Unfortunately, Guelph is not in the Mediterranean, and any olive oil purchased here must be imported, which generates unnecessary carbon emissions. Even before transportation, one litre of Greece’s Sellás olive oil has a carbon footprint of 2.36 kilograms of carbon dioxide, much of which is due to olive oil’s carbon-intensive extraction process. A less intensive, but similarly heart-healthy oil, such as Canadian-grown canola oil, may be a better option.
Perhaps the most environmentally driven food plan is the “locavore” movement, with its followers restricting their diets to locally grown food. The concept of “local,” however, is up for individual interpretation, with food production boundaries ranging from a 100 kilometre radius to “I’ll purchase what I can at the Farmer’s Market, but anything else is fair game,” The locavore diet aims to reduce the distance that food travels, thus reducing greenhouse gas emissions from transportation.
But does Wellington County chicken truly have a lesser “mileage” than one raised in, say, New York? What if the Wellington County farmer imports feed from Mexico, but the New York chicken eats grain from a neighbouring farm? Now which chicken is the more informed choice? And what if you jet off to Hawaii simply because you have a craving for pineapple and mahi mahi? Does that still count as eating local?
Deciding which foods or diet plan will minimize your carbon footprint can be overwhelming. As if choosing between chocolate and white milk or deciding which brand of cereal to buy wasn’t hard enough already! As with most things, making environmentally informed choices about food takes practice, but the decision is just as important and logical as comparing foods over taste or nutritional content.

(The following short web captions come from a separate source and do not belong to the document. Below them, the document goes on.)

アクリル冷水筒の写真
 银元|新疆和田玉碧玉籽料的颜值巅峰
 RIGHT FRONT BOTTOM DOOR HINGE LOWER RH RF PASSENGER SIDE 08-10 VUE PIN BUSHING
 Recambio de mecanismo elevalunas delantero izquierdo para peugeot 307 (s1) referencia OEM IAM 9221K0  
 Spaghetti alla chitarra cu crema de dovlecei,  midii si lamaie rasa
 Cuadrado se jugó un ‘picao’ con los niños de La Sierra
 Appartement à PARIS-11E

Michael Pollan, the modern era’s food guru and author of An Omnivore’s Dilemma, recommends three rules for eating wisely, both nutritionally and environmentally: eat food, not too much, and mostly plants. Maybe we should consider a fourth rule, and stay informed of the origins of our food. Where is our food grown? How is it produced? Is it in season? What are the possible impacts it has on the environment?
There is no perfect guide to a sustainable diet, but if we keep up to date with current food practices, we can make the most informed choices to preserve the planet while still enjoying what it has to offer the palate.